Here, a plain reading of the parties' contract reveals that the agreed upon price is specifically set forth and that no provision exists for any price changes dependent upon changes in the project itself due to design or size or any other work order change, as here apparently had occurred. Also, no definite start work date is specified in the agreement and no mention is made of the fact that it apparently had been expected from the outset that this project would be delayed, and it further is not clear whether the parties had anticipated a delay of the magnitude that here had occurred. The evident problem with the contract is the inclusion [*3]of the provision that prices were subject to change after 30 days, with no stated basis for determining or limiting the price change. Plaintiff's asserted position is that the "prices are subject to change after thirty days" clause means that, once the contract is executed, if it is not performed within thirty days, the price for the work could be increased. The Court finds however that a more reasonable interpretation of this clause, and the one properly to be drawn against the drafter of the subject contract is that, in the event that the contract is not executed within thirty days, plaintiff's offer to do the work at the stated price is not binding. This proper interpretation does not support plaintiff's position herein.

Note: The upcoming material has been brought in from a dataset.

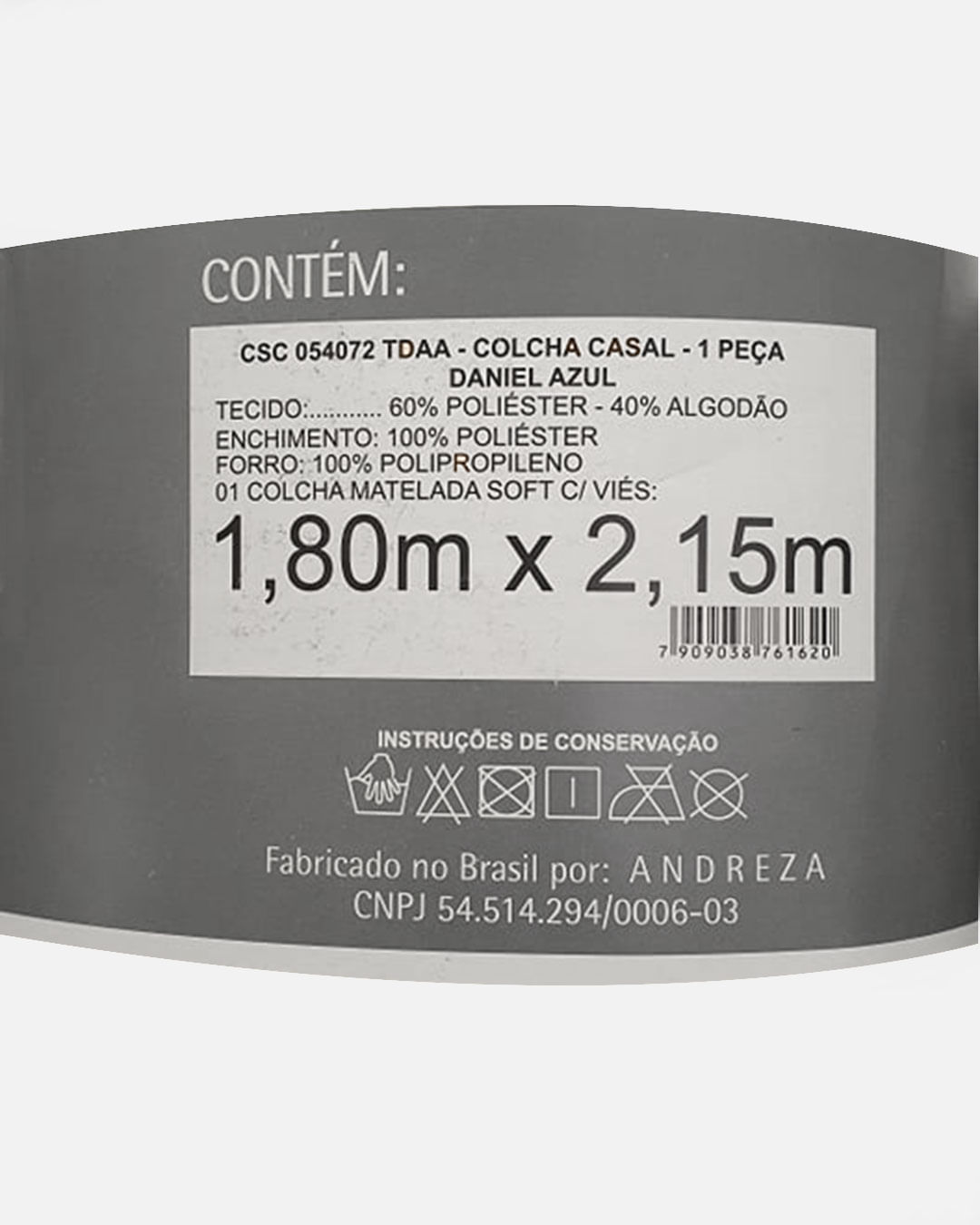 Colcha-Soft-Casal-Daniel-Azul---1-Pc---Azul-Medio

Even were the Court to accept plaintiff's interpretation of the clause, however, plaintiffs still do not prevail. The proposed price change constitutes a 30 percent increase of approximately $14,000 from the price that originally had been agreed upon. Nothing before this Court supports a finding that such a large price increase had been in the contemplation of the parties at the time they had contracted. Cf. Henri Associates v. Saxony Carpet Co., 249 AD2d 63 (1st Dept. 1998).

Accordingly, after this Court's careful review of the papers before it, the parties' respective arguments and the applicable law, this Court thus finds that plaintiff's insistence on what amounts to a 30 percent price increase based upon the pricing being subject to a change provision was untenable, and that plaintiff's insistence that defendants adopt this interpretation as a condition to plaintiff's proceeding to perform constituted an anticipatory breach of the contract. See IBM Credit Financing Corp. v. Mazda Motor Mfg (USA) Corp., 92 NY2d 989 (1998); Salomon v. Angsten, 19 AD3d 143 (1st Dept. 2005); BT Triple Crown Merger Co., Inc. v. Citigroup Global Markets Inc., 19 Misc 3d 1129(A) (Sup. Ct. NY Co. 2008).

Defendants shall submit within twenty (20) days after the date hereof a proposed judgment on notice which shall provide for summary judgment in their favor dismissing the complaint and, given that no work has been performed or materials furnished, for the full return of defendants' deposit, in accordance with Lien Law Section 71-a, to wit, the sum of $14,750. However, the Court does not award defendants interest thereon, as no legal basis has been established herein for the awarding of same. Further, no award is made to defendants for legal fees. Counsel fees are incidents of litigation which a prevailing party may recover only if same is authorized by an agreement between the parties, statute or Court rule. See Mighty Midgets v. Centennial Ins. Co., 47 NY2d 12, 21-22 (1979); Ajar v. Ajar, 207 AD2d 469 (2nd Dept. 1994); Durante Bros. [*4]Construction Corp. v. College Point Sports Assoc., Inc., 207 AD2d 379, 380 (2nd Dept. 1994); Wu v. Kao, 194 AD2d 666 (2nd Dept. 1993). None of the foregoing basis have been established as being applicable here.

Dated: February 13, 2009

White Plains, New York

_________________________________

MARY H. SMITH

J.S.C. Footnotes

Footnote 1:Plaintiff had requested damages of only $29,460, which sum apparently excludes the deposit of $14,750, to which plaintiff apparently had deemed itself entitled.